The rejection follows an opinion released by the Oregon Attorney General’s office last week, which determined that setting up the machines at the proposed venue in Grants Pass, Josephine County, would constitute an illegal casino.
However, while the Racing Commission complied with the Department of Justice’s opinion, it did it reluctantly. Regulators for the state also unanimously passed a resolution noting their disapproval of the DOJ’s assessment.
“While I have great respect for the DOJ, their opinion is clearly at odds with the opinion of legislative counsel when the enabling statute was enacted,” said the commission’s Executive Director, Jack McGrail, according to KTVL. His statement is in reference to ORS. 462.155, which authorizes pari-mutuel betting machines.
Rendering for Flying Lark
Moreover, the ORC cites the case of a similar application, which was approved for Portland Meadows in 2014, a historic racetrack that closed for good in 2019. “It seems difficult to reconcile that when you consider that that activity at Portland Meadows occurred for four consecutive years,” McGrail wrote.

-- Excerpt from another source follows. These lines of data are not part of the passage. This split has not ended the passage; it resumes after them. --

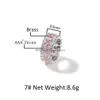 솔리테어 링 여성 패션 핑크 타원형 타원형 입방 지르콘 커플 약혼 반지를위한 보석 보석 시뮬레이션 다이아몬드 드롭 배달 dhhbe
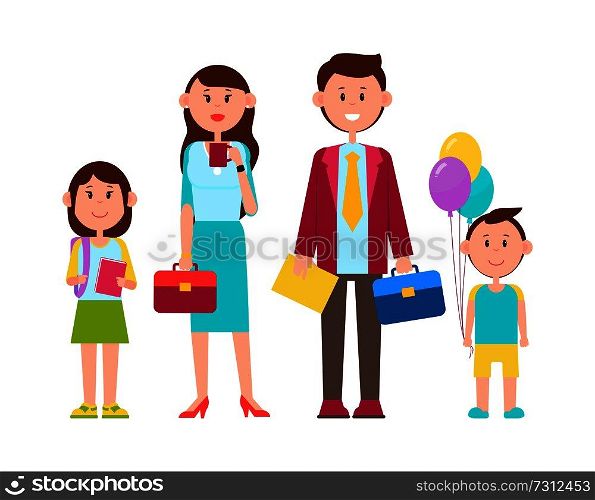 Family poster with kids, banner parents standing with bags and children holding books and backpack, balloons in hand, isolated on vector illustration. Family Poster with Happy Kids Vector Illustration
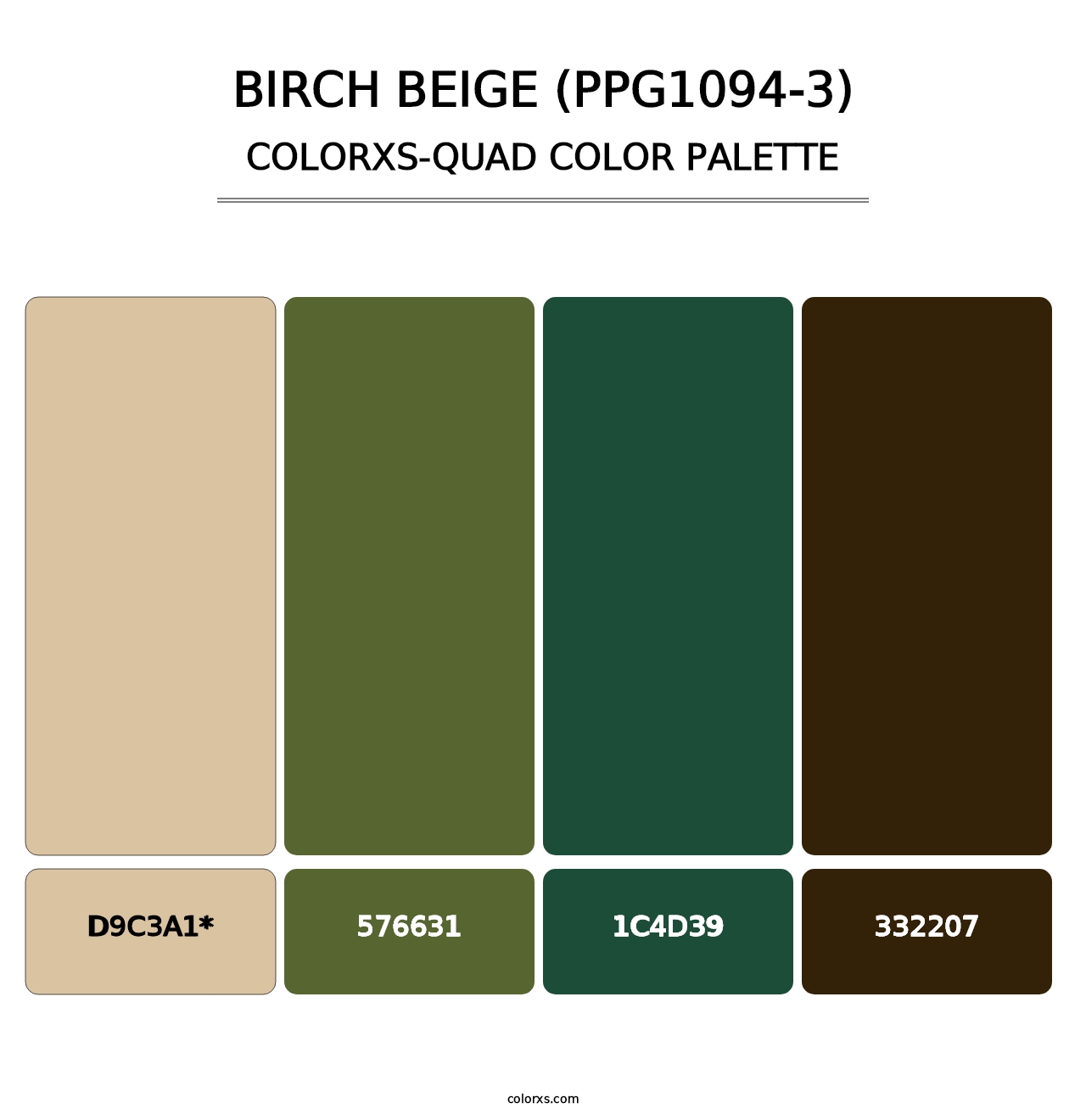 Birch Beige (PPG1094-3) - Colorxs Quad Palette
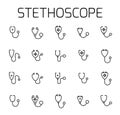 Stethoscope related vector icon set. Royalty Free Stock Photo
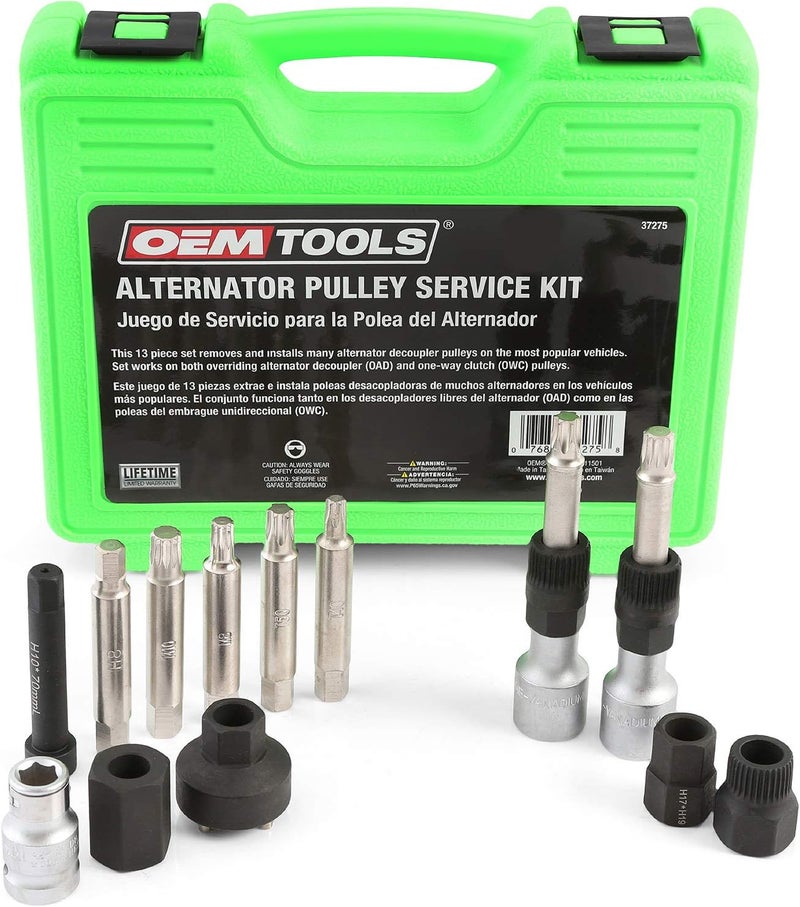 OEMTOOLS 37275 Alternator Decoupler Pulley Service Kit, Alternator Pulley Removal Tool, Automotive Puller Tool Set, Alternator Decoupler Pulley Tool - Image 1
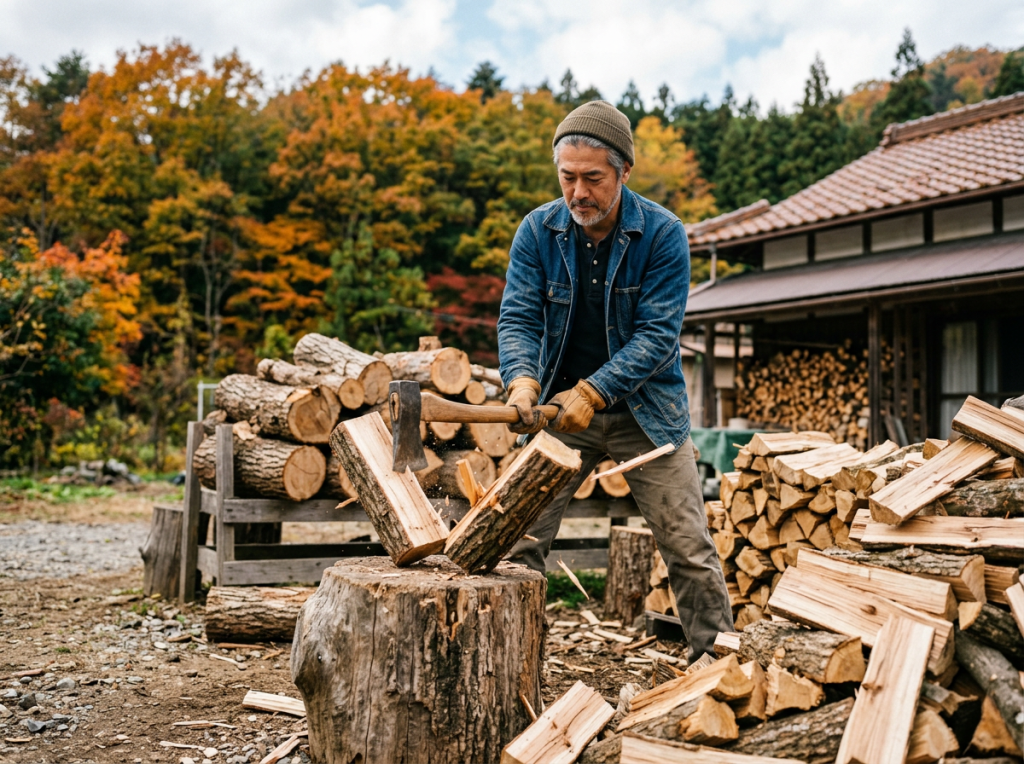 Man chopping logs with an axe outdoors near wood piles in autumn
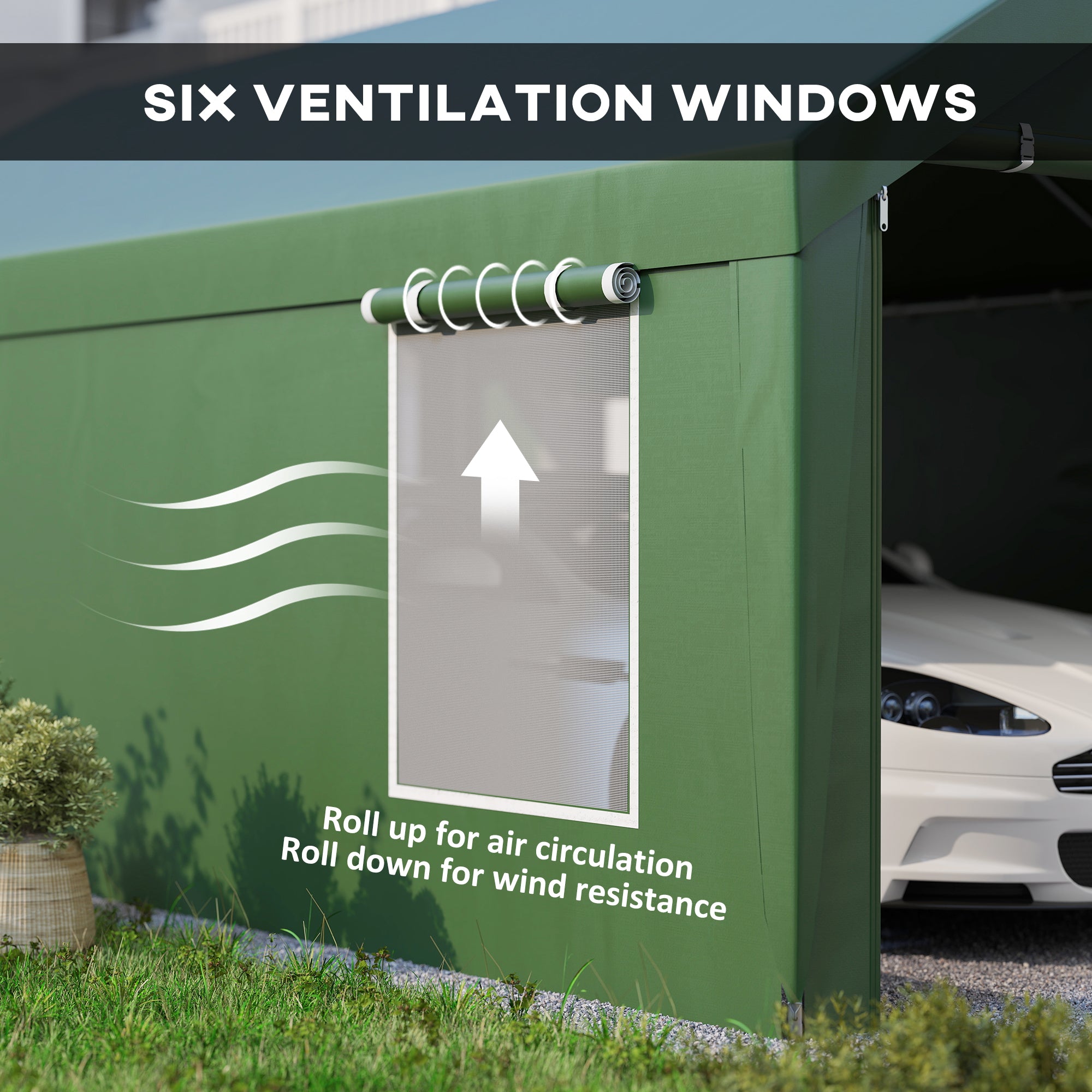 Outsunny Carport, 12 x 20ft Portable Garage with 2 Roll-Up Doors and 4 Windows, Heavy Duty Outdoor Car Shelter with Removable Sidewalls for Car, Truck, Garden Tools, Dark Green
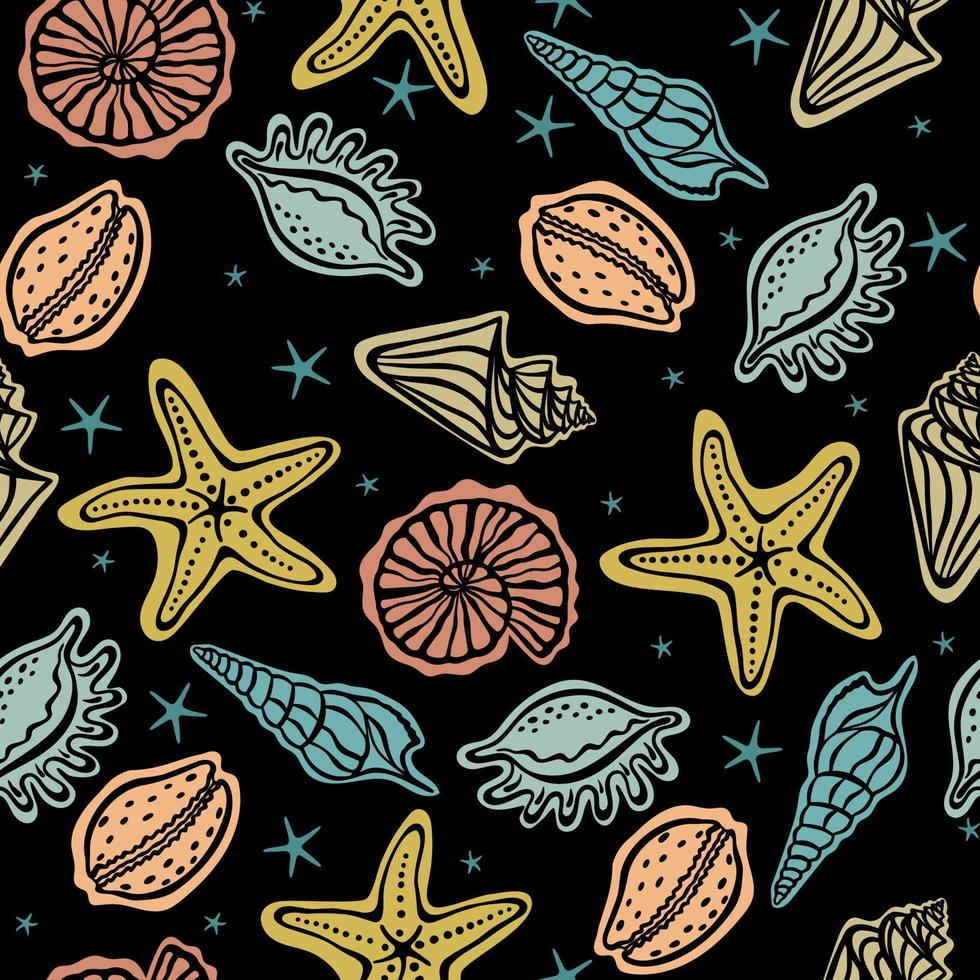 Seashells and starfish seamless pattern vector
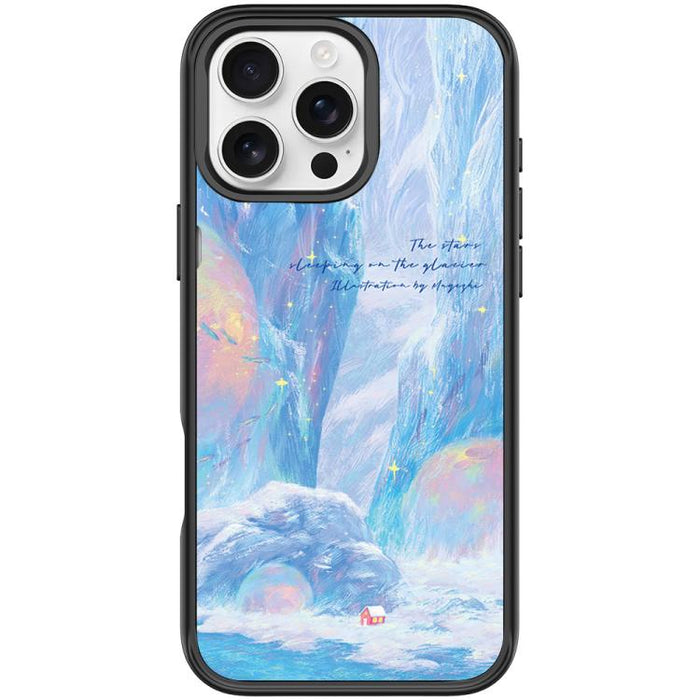 Glacier Red House Pattern Magnetic Phone Case, For iPhone 16 Pro Max, For iPhone 16 Pro, For iPhone 15 Pro Max, For iPhone 15 Pro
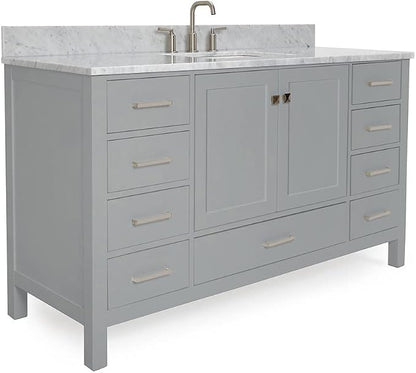 ARIEL Cambridge 60-inch Bathroom Vanity with Sink,Solid Wood, 0.75-inch Italian Carrara Marble Countertop, Single Rectangular Porcelain Sink, 2 Soft Closing Doors, 9 Dovetail Drawers, Grey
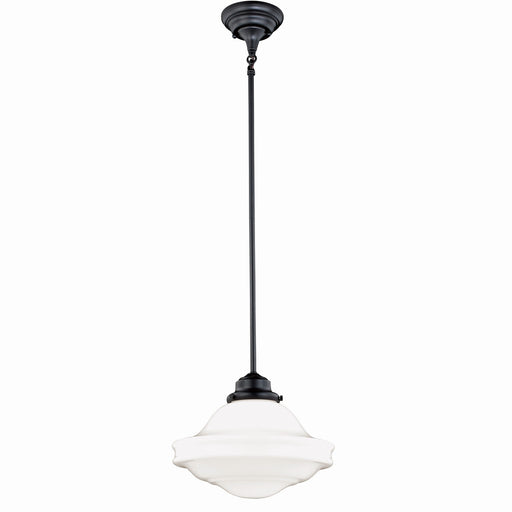 Huntley 12" Pendant in Oil Rubbed Bronze with Milk Glass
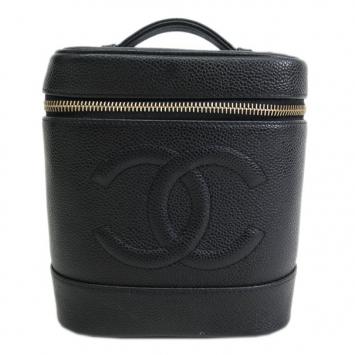 Pre Owned Chanel Black Caviar Vanity Bag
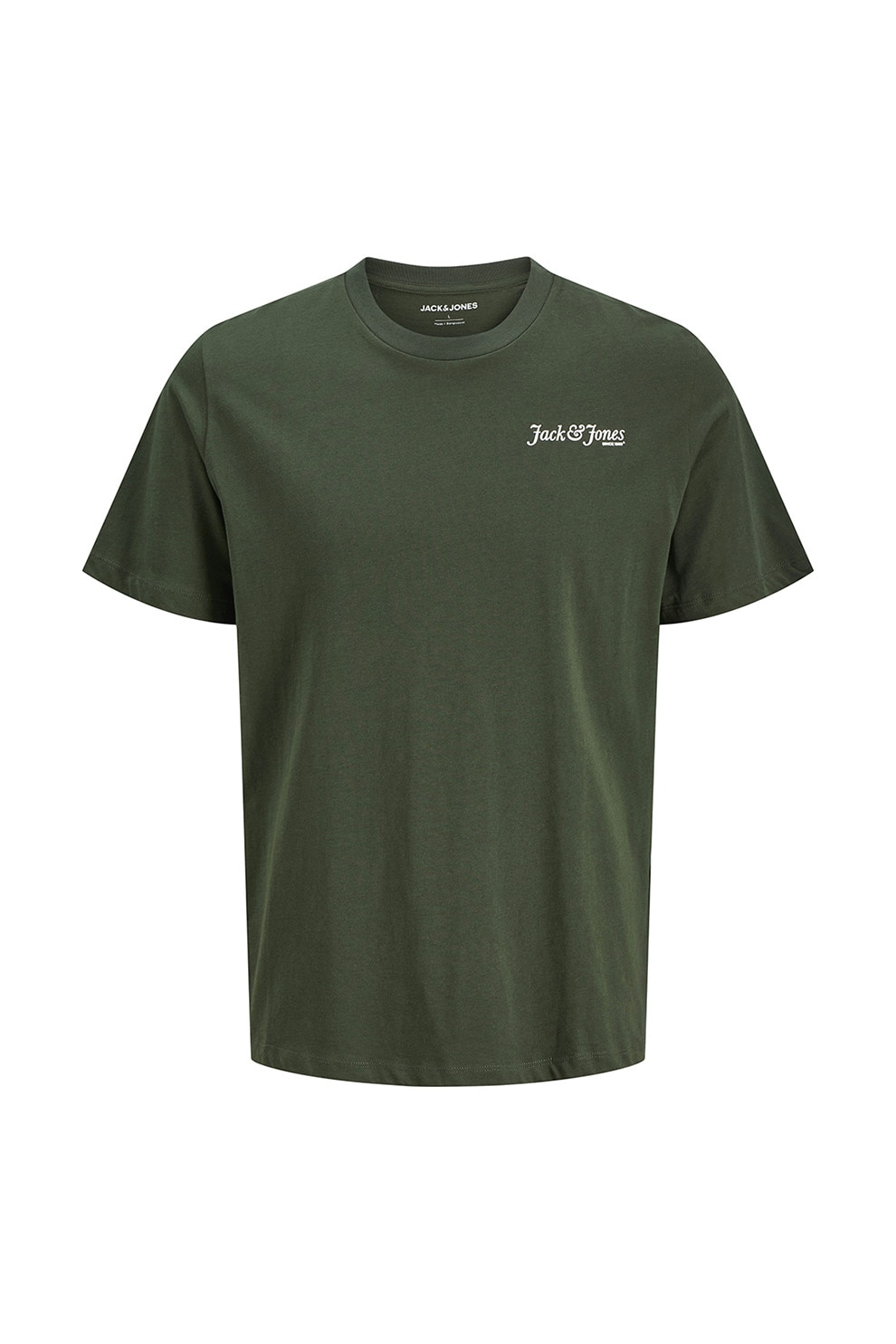 Jack & Jones, Tricou din bumbac cu imprimeu, Verde inchis, 176 CM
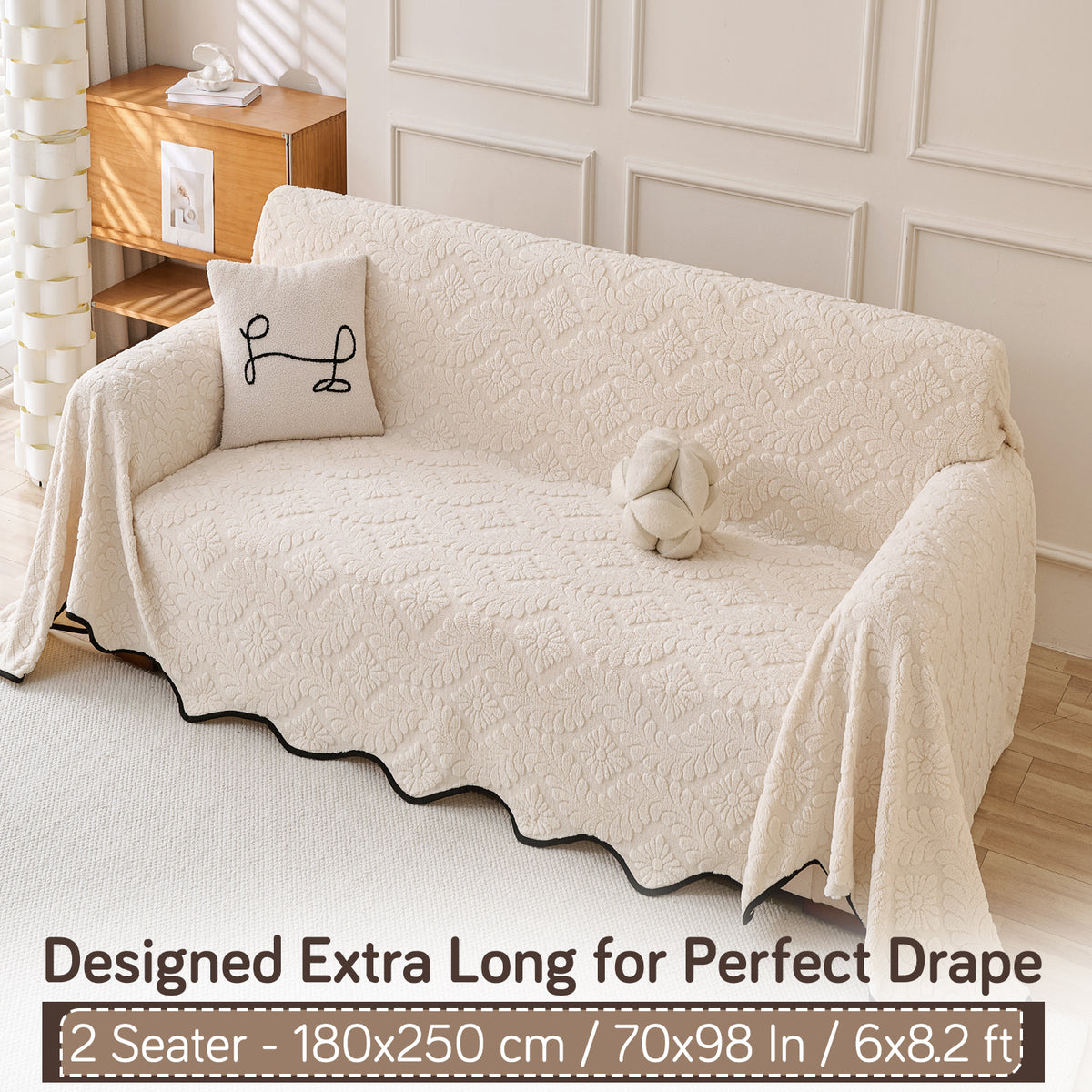 Buy Light Cream Colour Wavy Petal Crest Series Plush Sofa Throw – 2 Seater Sofas | HOKIPO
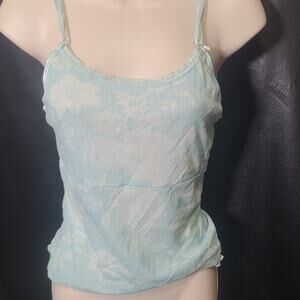 Vintage Y2K Hillard and Hansen sheer teal floral lettuce hem camisole medium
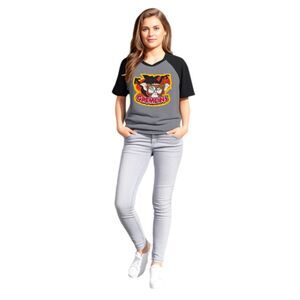 Gremlins X Unique Vintage Ragland Gray & Black Short Sleeve 80’s Vibe T-Shirt S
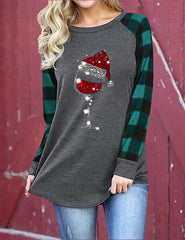 Christmas Hat Wine Plaid Splicing Long Sleeve Blouse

Despite their individual disagreements, the ORC said that they felt bound to abide by the DOJ opinion, which was also backed by Gov. Kate Brown, who in a Wednesday letter suggested commissioners follow the state’s legal counsel.
“It is my expectation that the Oregon Racing Commission will heed the advice in this published opinion by our state legal counsel,” Brown had written, according to KDRV, “Where, as here, an application before a state regulatory licensing agency proposes unconstitutional activity, that application should be denied.
The letter further said that, should a member of the Commission “vote to take any action inconsistent with the law” as interpreted by the DOJ, Brown would regard such conduct as contrary to her expectations for their appointments. This would provide grounds to initiative removal from the appointment, the Gov. said.
Following the ORC decision, McGrail said that the issue could still make its way to court for a more definitive ruling. He also defended the use of HHR machines, which have been operated in Oregon for years, and said that the DOJ opinion would “deliver a serious blow” to the horse racing industry, as well as Josephine County.
Flying Lark backer Travis Boersma said during public comments on the ORC session that the Department of Justice opinion was “deeply flawed,” and stated he would have to lay off 200 employees at the end of the month due to the decision.
The businessman further said he would still personally fund horse racing at Grants Pass Downs for the next three seasons in an effort to keep “an industry and thousands of additional jobs from being eliminated” while he and his team assess their options. No mention of specific legal action has been brought up so far.
The Oregon Racing Commission decision can be perceived as a victory for Oregon tribes, which have opposed the Flying Lark’s plan of operating gaming machines since its proposal. Tribal nations in the Beaver State argued modern versions of the machines are identical to slots, removing any element of skill that identifies them as HHRs.
In a statement penned last month, a coalition of tribes claimed they would like to see the horse racing industry survive and thrive in Oregon, but claimed there were better ways to do so than “through a private casino that violates state law and redistributes gaming revenue from tribes and the state lottery to a private business owner.”